» PROBLEM TO SOLVE: Retype the entries in full, exactly.

[Data items]
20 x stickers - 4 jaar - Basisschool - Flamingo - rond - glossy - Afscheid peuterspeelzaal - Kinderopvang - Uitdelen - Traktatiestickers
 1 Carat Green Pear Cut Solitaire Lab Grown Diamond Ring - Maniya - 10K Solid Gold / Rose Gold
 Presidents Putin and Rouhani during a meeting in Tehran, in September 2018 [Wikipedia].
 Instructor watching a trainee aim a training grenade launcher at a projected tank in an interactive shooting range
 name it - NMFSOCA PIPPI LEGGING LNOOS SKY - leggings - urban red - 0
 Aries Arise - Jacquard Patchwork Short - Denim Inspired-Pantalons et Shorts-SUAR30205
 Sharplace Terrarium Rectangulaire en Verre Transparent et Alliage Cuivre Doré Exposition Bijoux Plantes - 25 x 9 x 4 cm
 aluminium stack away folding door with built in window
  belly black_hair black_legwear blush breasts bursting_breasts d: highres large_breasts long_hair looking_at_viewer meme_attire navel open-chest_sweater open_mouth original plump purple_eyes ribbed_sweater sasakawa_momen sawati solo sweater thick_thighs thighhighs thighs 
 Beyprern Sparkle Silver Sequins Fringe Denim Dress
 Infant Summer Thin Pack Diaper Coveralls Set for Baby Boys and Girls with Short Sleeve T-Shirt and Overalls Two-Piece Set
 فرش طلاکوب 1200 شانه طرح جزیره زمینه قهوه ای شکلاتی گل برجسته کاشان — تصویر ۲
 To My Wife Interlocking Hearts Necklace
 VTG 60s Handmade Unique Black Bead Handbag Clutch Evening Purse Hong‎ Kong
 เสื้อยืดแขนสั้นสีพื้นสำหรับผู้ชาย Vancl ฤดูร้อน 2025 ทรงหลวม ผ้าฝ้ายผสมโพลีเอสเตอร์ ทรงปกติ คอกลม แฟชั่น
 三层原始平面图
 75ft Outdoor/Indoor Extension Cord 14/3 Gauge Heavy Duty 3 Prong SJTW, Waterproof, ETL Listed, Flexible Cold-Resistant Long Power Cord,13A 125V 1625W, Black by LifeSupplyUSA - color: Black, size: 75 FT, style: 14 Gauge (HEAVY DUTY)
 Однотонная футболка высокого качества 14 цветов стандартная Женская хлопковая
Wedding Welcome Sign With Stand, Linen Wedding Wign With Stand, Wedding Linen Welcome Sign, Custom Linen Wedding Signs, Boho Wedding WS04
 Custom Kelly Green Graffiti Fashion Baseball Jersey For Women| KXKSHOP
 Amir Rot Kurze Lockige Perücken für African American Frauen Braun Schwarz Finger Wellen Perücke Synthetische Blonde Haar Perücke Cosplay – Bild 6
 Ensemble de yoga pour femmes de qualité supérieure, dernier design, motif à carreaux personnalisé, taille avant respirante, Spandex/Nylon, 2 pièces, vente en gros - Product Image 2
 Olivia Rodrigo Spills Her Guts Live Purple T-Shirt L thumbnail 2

» RESPONSE TO THE EXERCISE:
20 x stickers - 4 jaar - Basisschool - Flamingo - rond - glossy - Afscheid peuterspeelzaal - Kinderopvang - Uitdelen - Traktatiestickers
 1 Carat Green Pear Cut Solitaire Lab Grown Diamond Ring - Maniya - 10K Solid Gold / Rose Gold
 Presidents Putin and Rouhani during a meeting in Tehran, in September 2018 [Wikipedia].
 Instructor watching a trainee aim a training grenade launcher at a projected tank in an interactive shooting range
 name it - NMFSOCA PIPPI LEGGING LNOOS SKY - leggings - urban red - 0
 Aries Arise - Jacquard Patchwork Short - Denim Inspired-Pantalons et Shorts-SUAR30205
 Sharplace Terrarium Rectangulaire en Verre Transparent et Alliage Cuivre Doré Exposition Bijoux Plantes - 25 x 9 x 4 cm
 aluminium stack away folding door with built in window
  belly black_hair black_legwear blush breasts bursting_breasts d: highres large_breasts long_hair looking_at_viewer meme_attire navel open-chest_sweater open_mouth original plump purple_eyes ribbed_sweater sasakawa_momen sawati solo sweater thick_thighs thighhighs thighs 
 Beyprern Sparkle Silver Sequins Fringe Denim Dress
 Infant Summer Thin Pack Diaper Coveralls Set for Baby Boys and Girls with Short Sleeve T-Shirt and Overalls Two-Piece Set
 فرش طلاکوب 1200 شانه طرح جزیره زمینه قهوه ای شکلاتی گل برجسته کاشان — تصویر ۲
 To My Wife Interlocking Hearts Necklace
 VTG 60s Handmade Unique Black Bead Handbag Clutch Evening Purse Hong‎ Kong
 เสื้อยืดแขนสั้นสีพื้นสำหรับผู้ชาย Vancl ฤดูร้อน 2025 ทรงหลวม ผ้าฝ้ายผสมโพลีเอสเตอร์ ทรงปกติ คอกลม แฟชั่น
 三层原始平面图
 75ft Outdoor/Indoor Extension Cord 14/3 Gauge Heavy Duty 3 Prong SJTW, Waterproof, ETL Listed, Flexible Cold-Resistant Long Power Cord,13A 125V 1625W, Black by LifeSupplyUSA - color: Black, size: 75 FT, style: 14 Gauge (HEAVY DUTY)
 Однотонная футболка высокого качества 14 цветов стандартная Женская хлопковая
Wedding Welcome Sign With Stand, Linen Wedding Wign With Stand, Wedding Linen Welcome Sign, Custom Linen Wedding Signs, Boho Wedding WS04
 Custom Kelly Green Graffiti Fashion Baseball Jersey For Women| KXKSHOP
 Amir Rot Kurze Lockige Perücken für African American Frauen Braun Schwarz Finger Wellen Perücke Synthetische Blonde Haar Perücke Cosplay – Bild 6
 Ensemble de yoga pour femmes de qualité supérieure, dernier design, motif à carreaux personnalisé, taille avant respirante, Spandex/Nylon, 2 pièces, vente en gros - Product Image 2
 Olivia Rodrigo Spills Her Guts Live Purple T-Shirt L thumbnail 2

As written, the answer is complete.